Abstract

This paper addresses the challenges of high computational complexity and structural redundancy in the inference stage of large language models. It proposes a structured pruning method that combines a Pruning Importance Evaluation Mechanism (PIEM) with a Layer-aware Sensitivity Pruning Strategy (LSPS). The method first constructs a multi-dimensional structural scoring function. It evaluates the importance of each structural unit in the model by integrating weight distribution, gradient information, and contextual influence. Then, based on the sensitivity differences across layers, it adaptively adjusts the pruning intensity. This prevents uniform pruning from damaging performance in highly sensitive layers. Experiments conducted on the large language model ChatGLM-6B show that the proposed method outperforms existing public pruning strategies across multiple evaluation metrics. It significantly reduces inference latency while maintaining high model accuracy.

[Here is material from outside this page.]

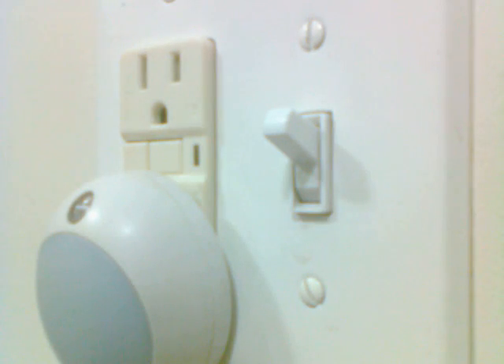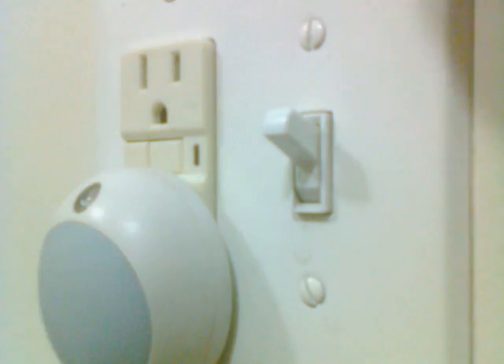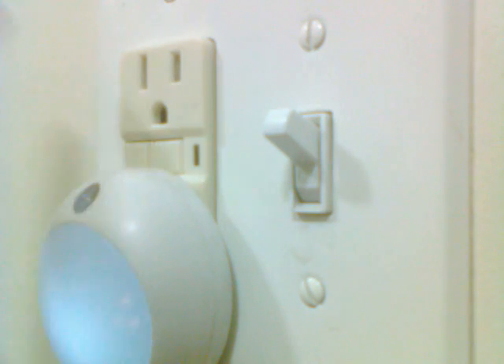I have a couple of these little LED night lights. The idea is you plug it in and when it gets dark the light goes on — see it goes on. Very exciting.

It also removes a larger proportion of redundant structures. In both comparative and ablation experiments, PIEM and LSPS each demonstrate strong independent effectiveness. When combined, the full method achieves the best results in both inference efficiency and structural compression rate. Furthermore, inference tests on edge devices and comparisons under different scoring metrics show that the proposed strategy maintains good stability and adaptability. This confirms its strong generalization ability and practical value in real-world engineering scenarios. Additional experiments validate that multi-round pruning offers a better depth of compression and performance retention than one-shot strategies. These findings further support the method's effectiveness in building lightweight and efficient language models for practical applications.